> _RECORDS FOR THE TASK_
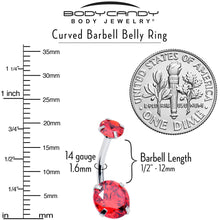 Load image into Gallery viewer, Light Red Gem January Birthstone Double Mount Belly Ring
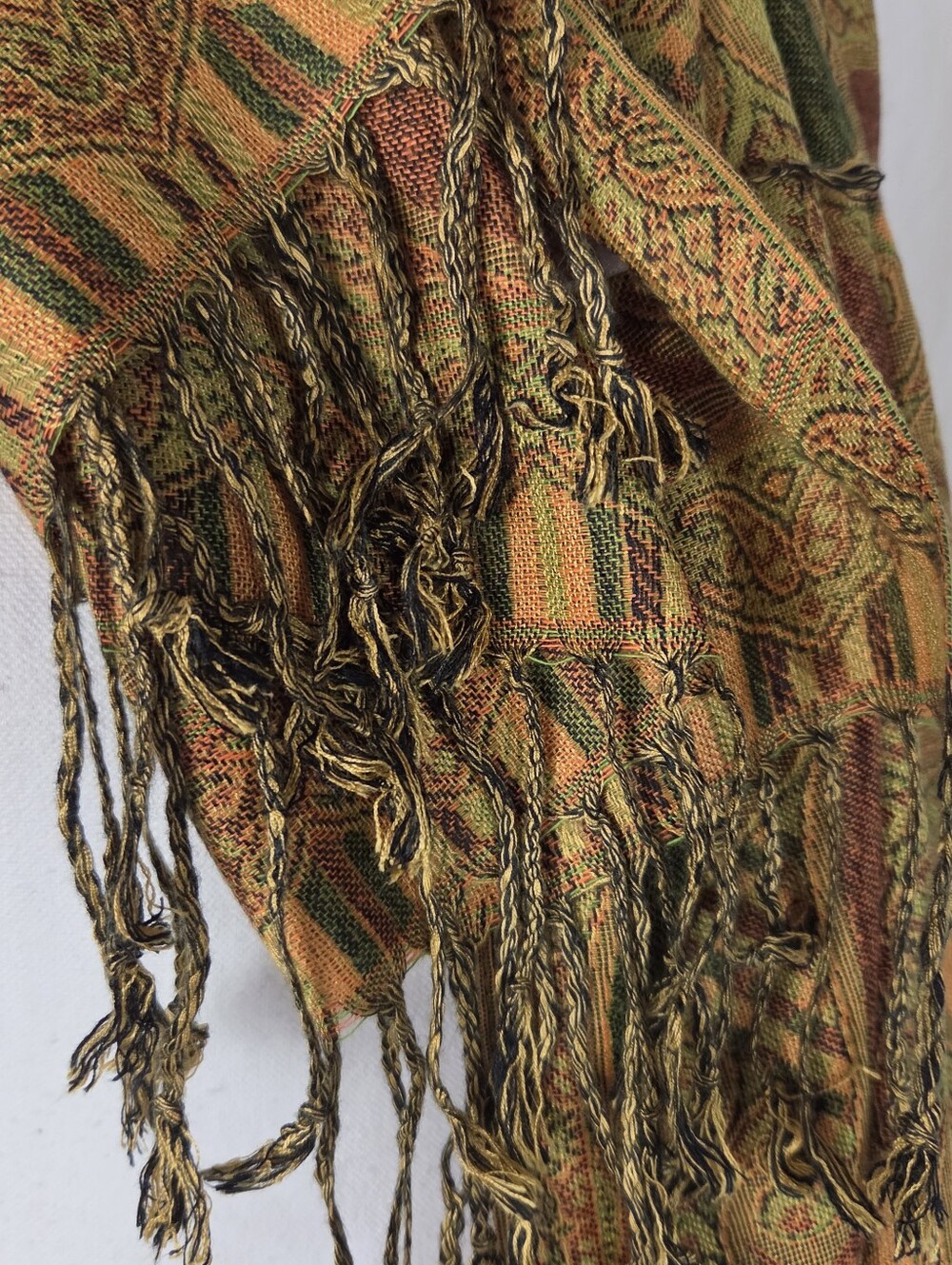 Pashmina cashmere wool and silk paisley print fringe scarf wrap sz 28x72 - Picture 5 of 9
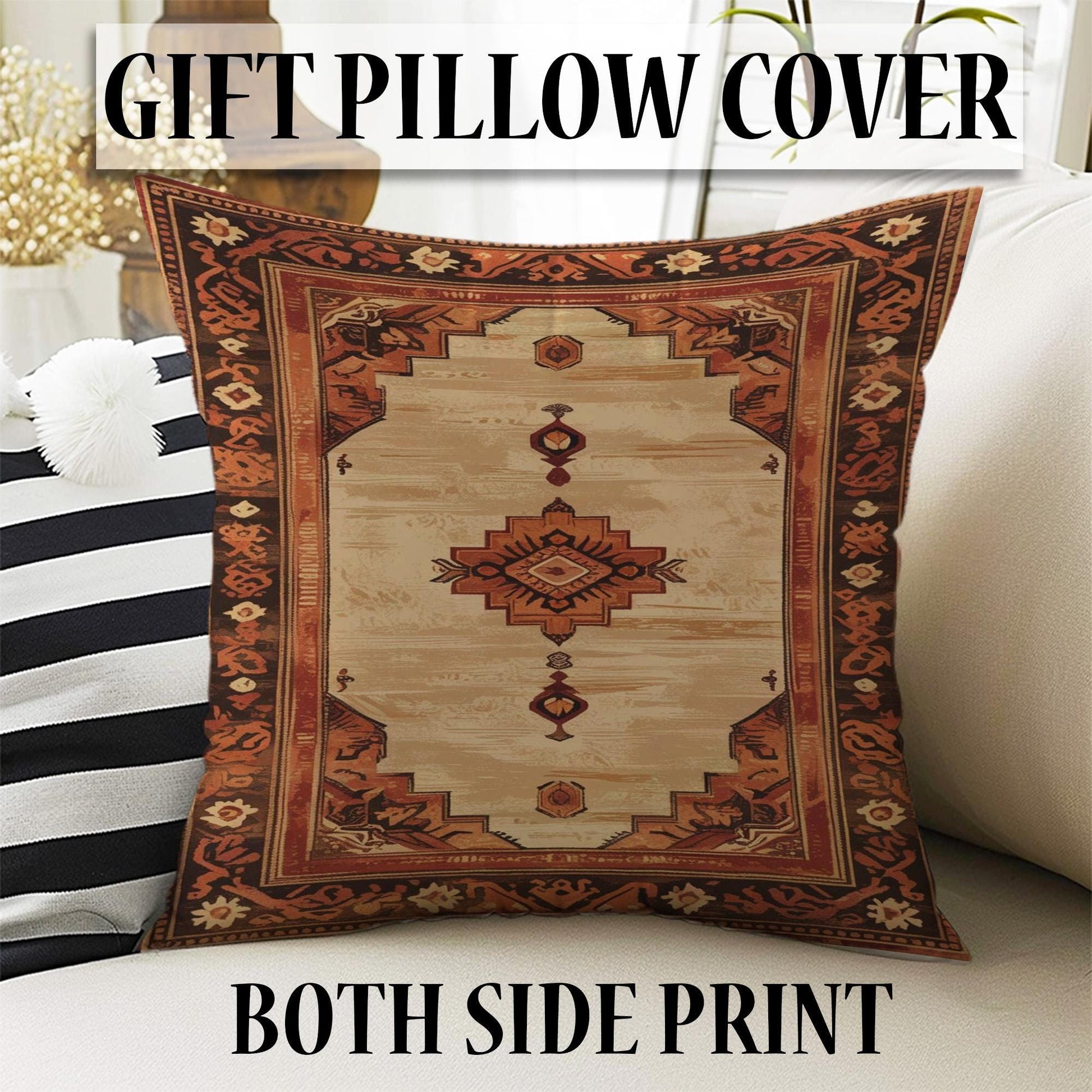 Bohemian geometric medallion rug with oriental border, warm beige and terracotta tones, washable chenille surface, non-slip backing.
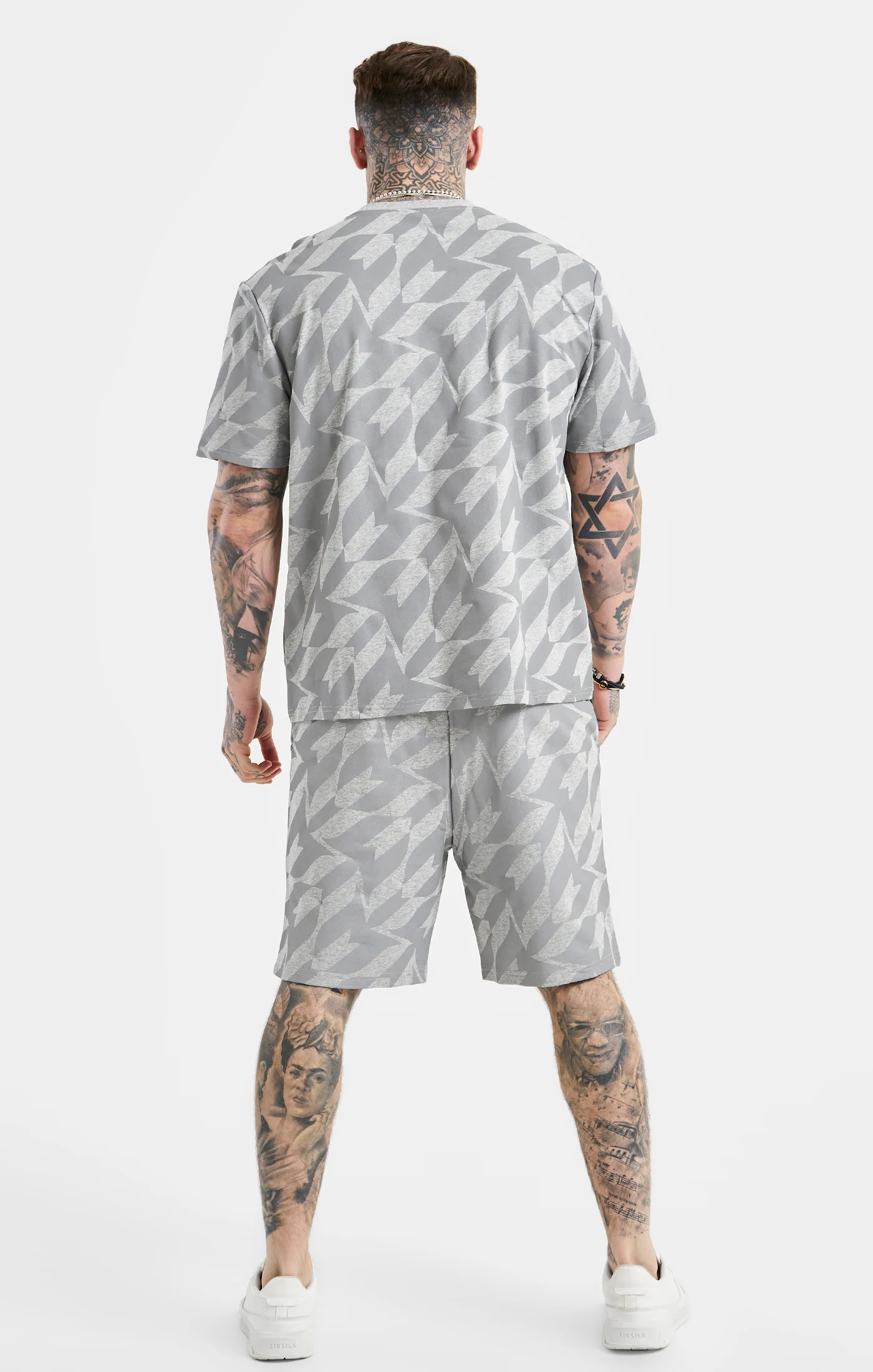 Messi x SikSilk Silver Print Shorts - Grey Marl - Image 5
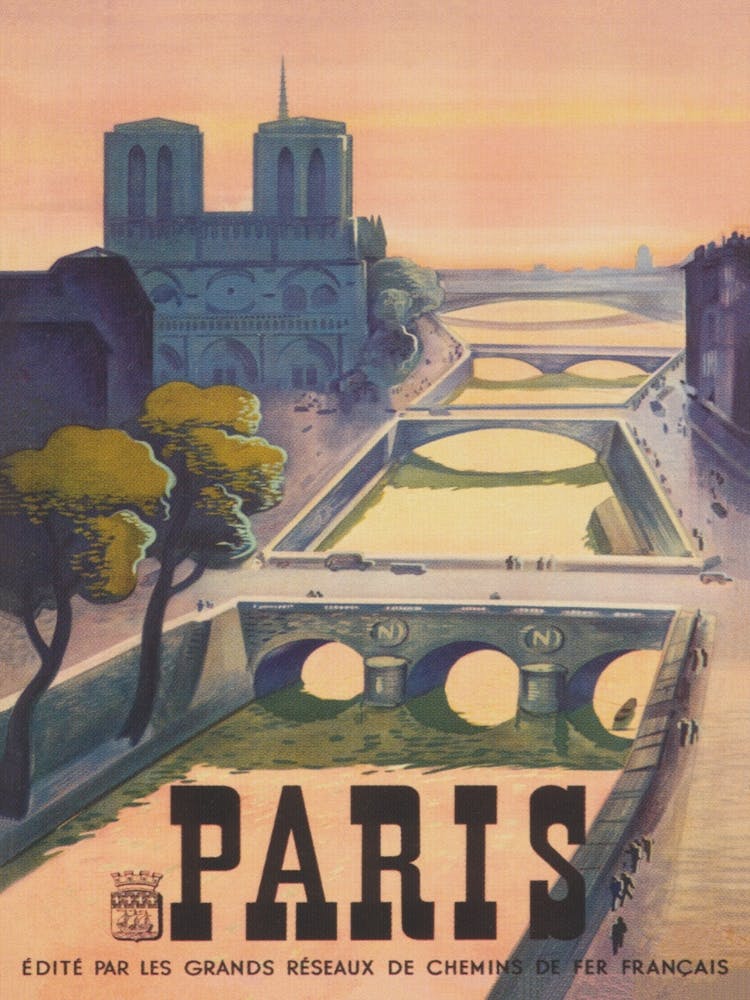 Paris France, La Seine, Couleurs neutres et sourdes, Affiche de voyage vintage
* * *
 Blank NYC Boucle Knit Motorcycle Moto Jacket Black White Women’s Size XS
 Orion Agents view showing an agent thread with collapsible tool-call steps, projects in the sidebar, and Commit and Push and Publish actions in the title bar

> _EXERCISE OBJECTIVE_
In the listing above, find the line holding "Load image into" and the line holding "Paris France, La". Reproduce those two lines and all between them exactly, leaving out pictures.

> _ANSWER FOR THE TASK_
 Load image into Gallery viewer, Light Red Gem January Birthstone Double Mount Belly Ring
 Pashmina cashmere wool and silk paisley print fringe scarf wrap sz 28x72 - Picture 5 of 9
 Bohemian geometric medallion rug with oriental border, warm beige and terracotta tones, washable chenille surface, non-slip backing.
 Messi x SikSilk Silver Print Shorts - Grey Marl - Image 5
 Paris France, La Seine, Couleurs neutres et sourdes, Affiche de voyage vintage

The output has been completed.